Dataset section:
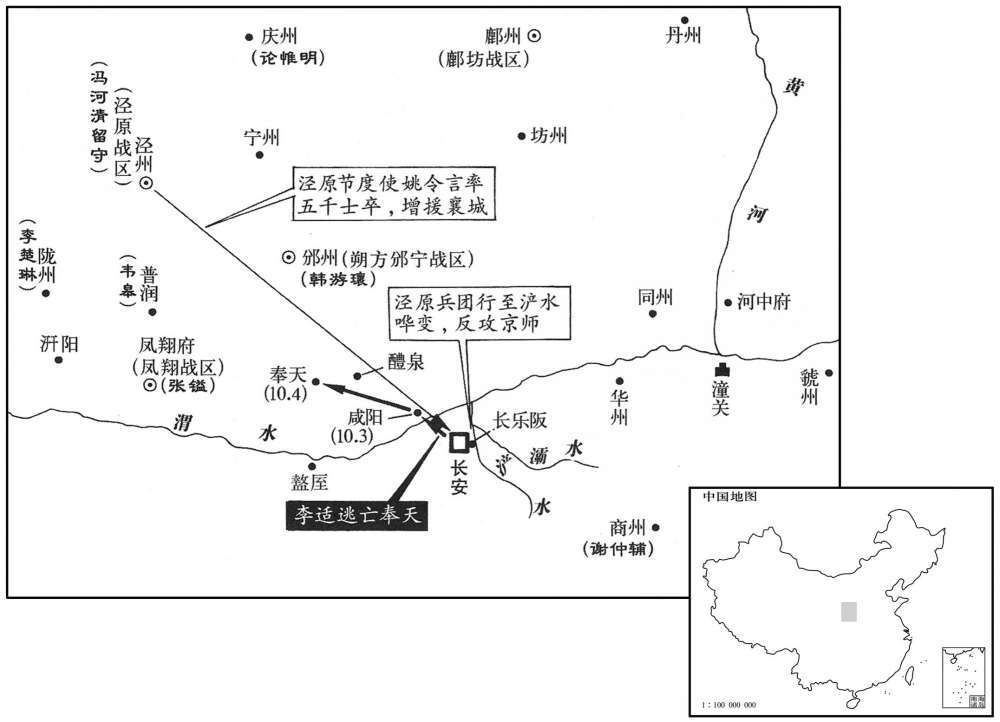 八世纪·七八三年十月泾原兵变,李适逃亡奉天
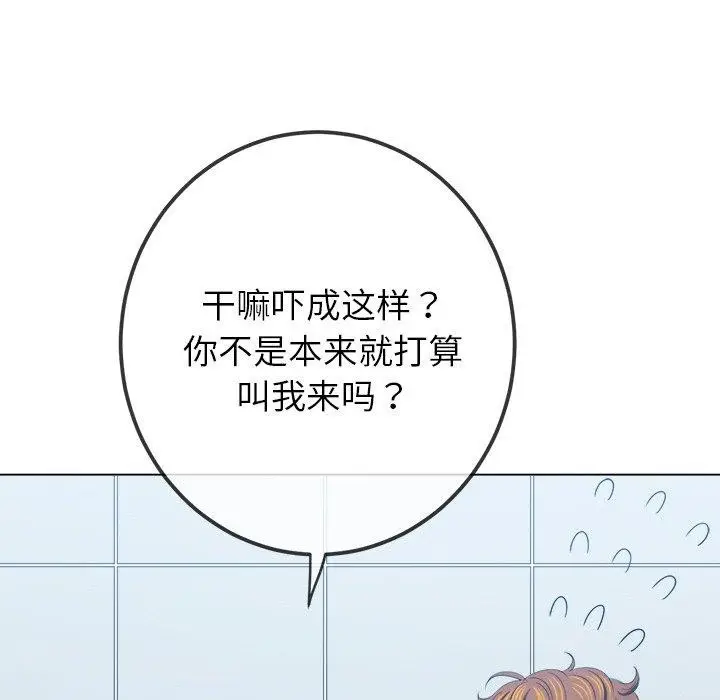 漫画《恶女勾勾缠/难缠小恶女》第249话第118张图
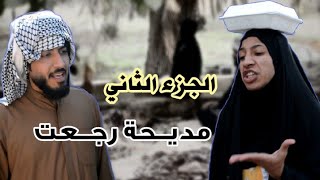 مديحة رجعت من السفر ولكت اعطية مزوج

Your instructions: Print the material in full and exactly, minus the pictures.

Task output:
 八世纪·七八三年十月泾原兵变,李适逃亡奉天
 漫画《恶女勾勾缠/难缠小恶女》第249话第118张图
 مديحة رجعت من السفر ولكت اعطية مزوج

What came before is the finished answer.